Task description —
Below are some records: retype them all exactly, but not the pictures.

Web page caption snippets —
'''
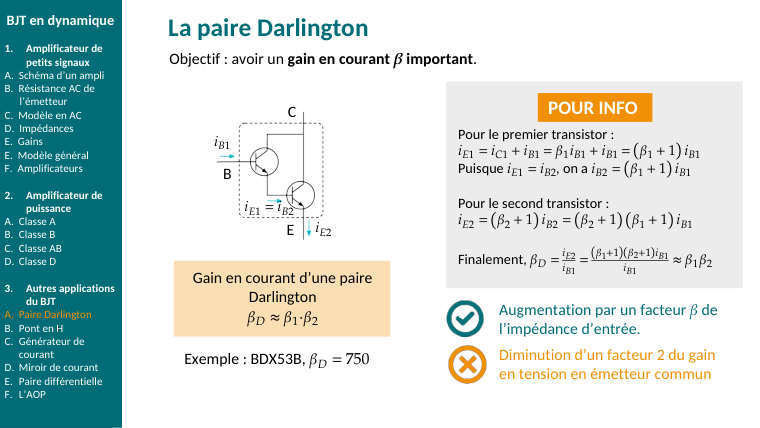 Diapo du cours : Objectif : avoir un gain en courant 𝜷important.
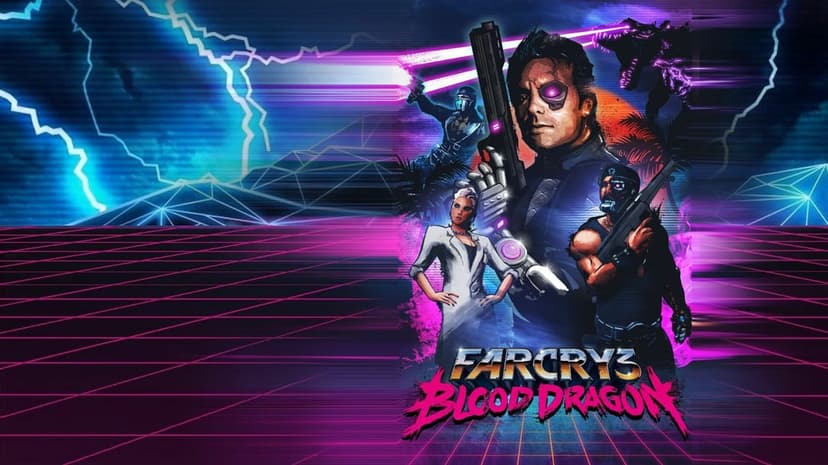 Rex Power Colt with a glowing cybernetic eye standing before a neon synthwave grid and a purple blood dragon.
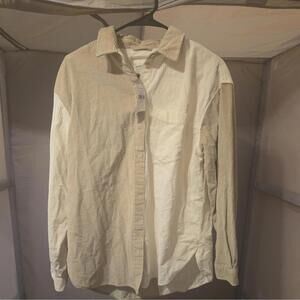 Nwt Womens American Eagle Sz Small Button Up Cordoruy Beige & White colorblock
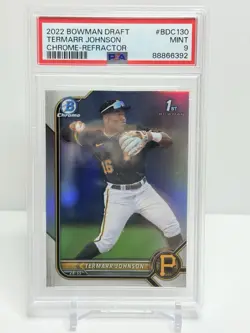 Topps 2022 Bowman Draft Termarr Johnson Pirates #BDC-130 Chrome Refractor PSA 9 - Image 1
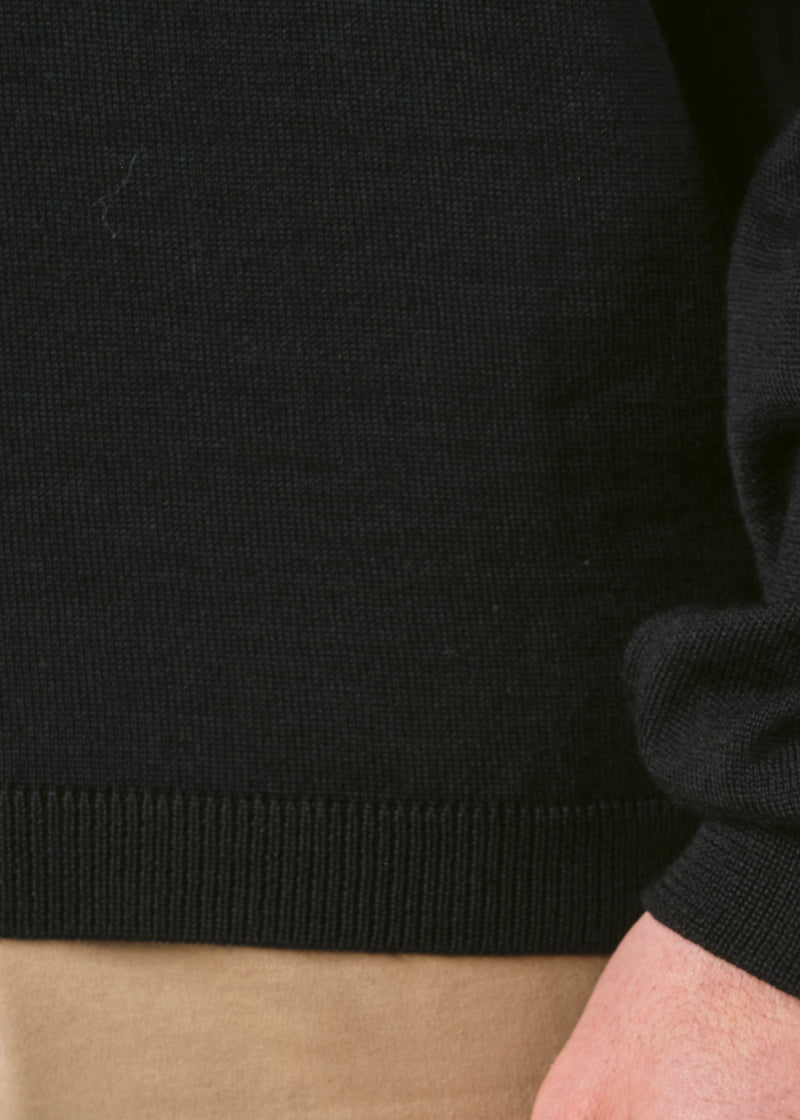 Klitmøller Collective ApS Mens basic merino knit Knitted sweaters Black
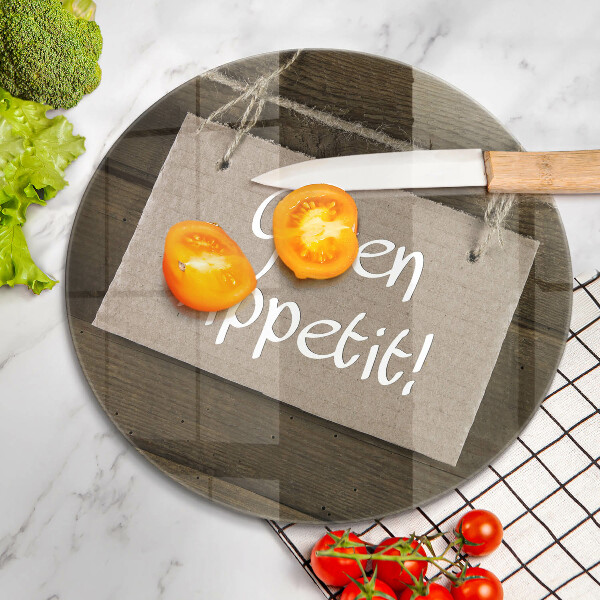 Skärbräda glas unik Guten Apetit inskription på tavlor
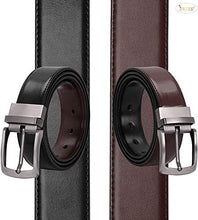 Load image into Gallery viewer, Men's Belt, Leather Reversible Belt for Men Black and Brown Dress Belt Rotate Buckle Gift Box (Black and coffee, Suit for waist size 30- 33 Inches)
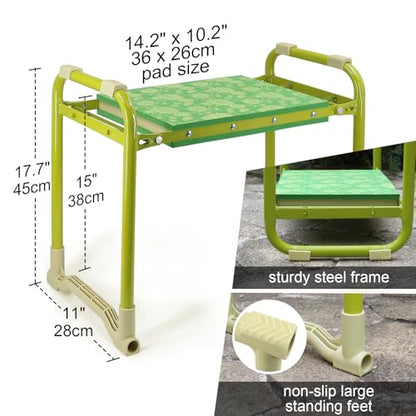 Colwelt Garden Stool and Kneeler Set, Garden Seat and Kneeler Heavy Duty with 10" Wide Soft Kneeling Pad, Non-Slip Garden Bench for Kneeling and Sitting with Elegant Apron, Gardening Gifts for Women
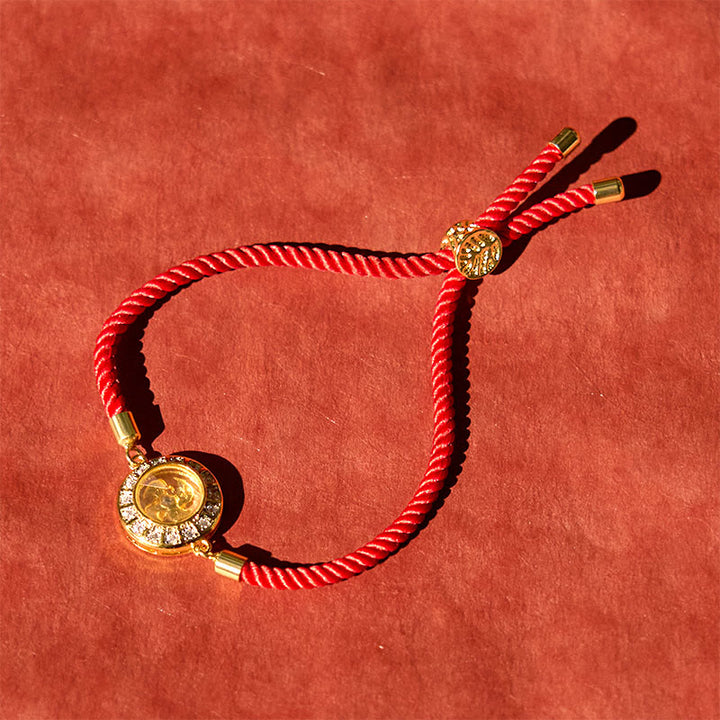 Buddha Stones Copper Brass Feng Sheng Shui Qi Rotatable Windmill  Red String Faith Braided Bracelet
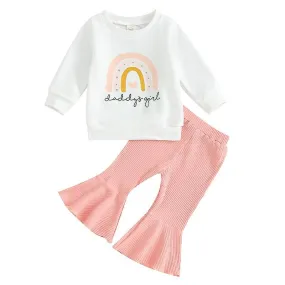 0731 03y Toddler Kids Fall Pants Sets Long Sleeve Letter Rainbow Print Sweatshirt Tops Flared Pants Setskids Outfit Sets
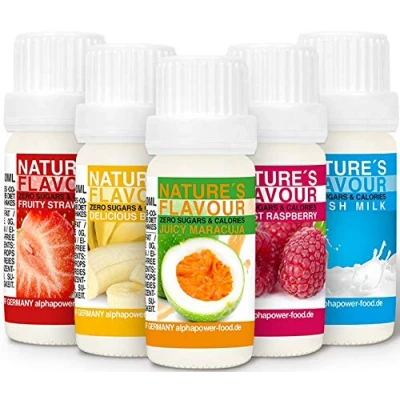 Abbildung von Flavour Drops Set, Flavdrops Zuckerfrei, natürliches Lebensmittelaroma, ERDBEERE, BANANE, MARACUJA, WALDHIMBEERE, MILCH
'''
Response —
 Diapo du cours : Objectif : avoir un gain en courant 𝜷important.
 Rex Power Colt with a glowing cybernetic eye standing before a neon synthwave grid and a purple blood dragon.
 Nwt Womens American Eagle Sz Small Button Up Cordoruy Beige & White colorblock
 Topps 2022 Bowman Draft Termarr Johnson Pirates #BDC-130 Chrome Refractor PSA 9 - Image 1
 Klitmøller Collective ApS Mens basic merino knit Knitted sweaters Black
 Skärbräda glas unik Guten Apetit inskription på tavlor
 Load image into Gallery viewer, Men's Belt, Leather Reversible Belt for Men Black and Brown Dress Belt Rotate Buckle Gift Box (Black and coffee, Suit for waist size 30- 33 Inches)
 Colwelt Garden Stool and Kneeler Set, Garden Seat and Kneeler Heavy Duty with 10" Wide Soft Kneeling Pad, Non-Slip Garden Bench for Kneeling and Sitting with Elegant Apron, Gardening Gifts for Women
 Buddha Stones Copper Brass Feng Sheng Shui Qi Rotatable Windmill  Red String Faith Braided Bracelet
 0731 03y Toddler Kids Fall Pants Sets Long Sleeve Letter Rainbow Print Sweatshirt Tops Flared Pants Setskids Outfit Sets
 Abbildung von Flavour Drops Set, Flavdrops Zuckerfrei, natürliches Lebensmittelaroma, ERDBEERE, BANANE, MARACUJA, WALDHIMBEERE, MILCH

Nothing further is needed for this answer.